No healthy node available in the cluster. -- Issue with swarm
We are using swarm : 1.2.0 Steps to reproduce:
get 2 or 3 baremetal nodes of centos 7 run net_demo_installer script then use this document https://github.com/contiv/netplugin/blob/master/test/systemtests/How-to-Run.md to trigger our system-tests
Error log:
NFO[0428] Starting netmaster on swarm-baremetal-node1
INFO[0430] Starting netmaster on swarm-baremetal-node2
INFO[0437] Starting a container running "sleep 60m" on swarm-baremetal-node2
INFO[0437] Starting a container running "sleep 60m" on swarm-baremetal-node1
INFO[0437] cmd "docker run -itd --name=private-srv0-0-1 --net=private-srv0-0 contiv/alpine sleep 60m" failed: output below
INFO[0437] docker: Error response from daemon: No healthy node available in the cluster.
See 'docker run --help'.
INFO[0437] cmd "docker run -itd --name=private-srv0-1-0 --net=private-srv0-1 contiv/alpine sleep 60m" failed: output below
INFO[0437] docker: Error response from daemon: No healthy node available in the cluster.
See 'docker run --help'.
ERRO[0437] Container id "docker: Error response from daemon: No healthy node available in the cluster.\nSee 'docker run --help'." is invalid
ERRO[0437] Container id "docker: Error response from daemon: No healthy node available in the cluster.\nSee 'docker run --help'." is invalid
INFO[0439] ============================= systemtestSuite.TestPolicyBasicVXLAN completed ==========================
----------------------------------------------------------------------
FAIL: policy_test.go:13: systemtestSuite.TestPolicyBasicVXLAN
policy_test.go:14:
s.testPolicyBasic(c, "vxlan")
policy_test.go:89:
c.Assert(err, IsNil)
... value *ssh.ExitError = &ssh.ExitError{Waitmsg:ssh.Waitmsg{status:127, signal:"", msg:"", lang:""}} ("Process exited with: 127. Reason was: ()")

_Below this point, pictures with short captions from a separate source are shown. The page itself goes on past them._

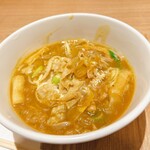 蕎麦 いまゐ - 
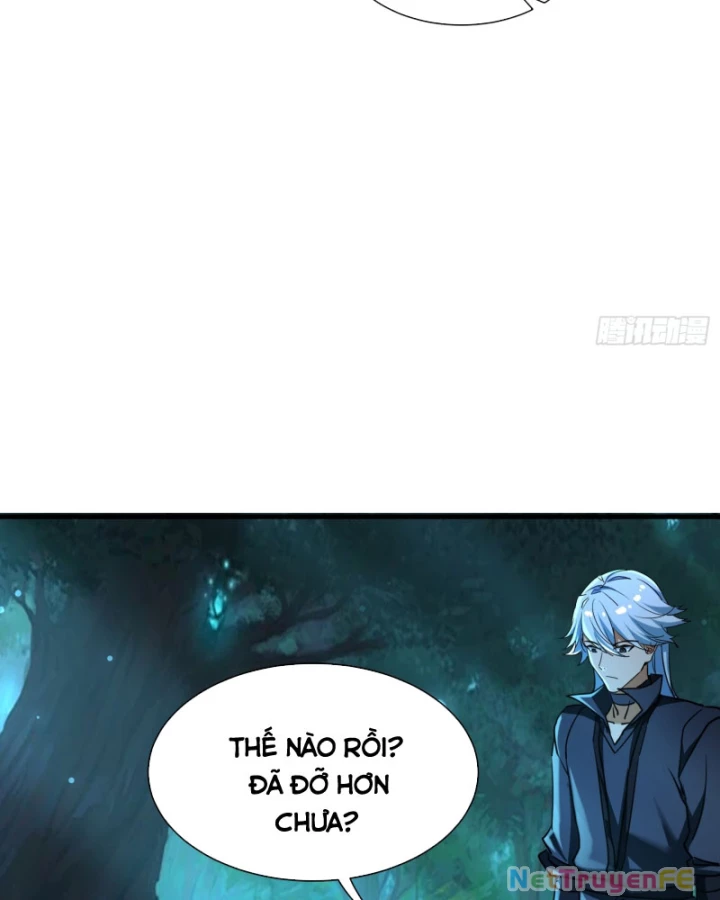 Bạn Gái Của Tôi Toàn Là Truyền Thuyết Chapter 51 - Trang 3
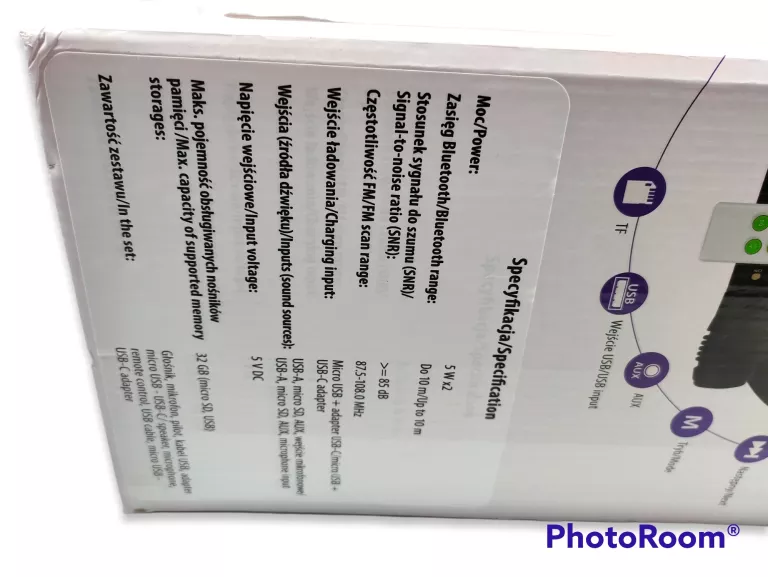 glosnik-bluetooth-forever-gbk-rgb-komplet-kolor-czarny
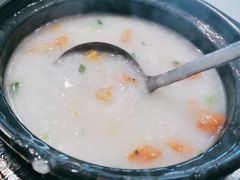 -黄金粥港式·早晚茶(海阳路店)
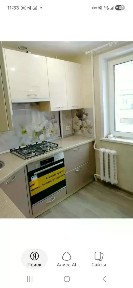 Продается 1-комн. квартира, 30,6 м²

INFO[0439] Cleaning up containers on swarm-baremetal-node1
INFO[0439] Cleaning up containers on swarm-baremetal-node2
INFO[0440] Checking for errors on swarm-baremetal-node1
ERRO[0440] Errors in logfiles on swarm-baremetal-node1:
grep: /tmp/net*: No such file or directory
==========================
Netplugin Log : https://gist.github.com/gaurav-dalvi/7389da18f09677949707f825e3e17216
Netmaster Log : https://gist.github.com/gaurav-dalvi/d12556cd1a0aa145b323d5f7f6edd085
Duplicate of https://github.com/contiv/netplugin/issues/652?
https://gist.github.com/gaurav-dalvi/e308414fad9b29baeae5fd0bd21d4ab3
@jojimt @gkvijay : Could you please take a look ? I am seeing this issue for long time now. This happens only on baremetal / VM testing and not on Vagrant VMs.
Docker swarm 1.2.5
https://gist.github.com/gaurav-dalvi/5d51641ba4e43aad7d1ae1002ed8c3d4 netmaster logs
Please give the docker version and the output of 'docker info' from swarm.
its docker 1.11
Docker swarm output seemed to be fine. I dont have tht testbed to give it to you.
any update on this one @gkvijay
@gaurav-dalvi Please close this issue if you are not seeing it now
I was getting the same issue until I redeployed the swarm and increased number of agents to "2" and it worked for me !!!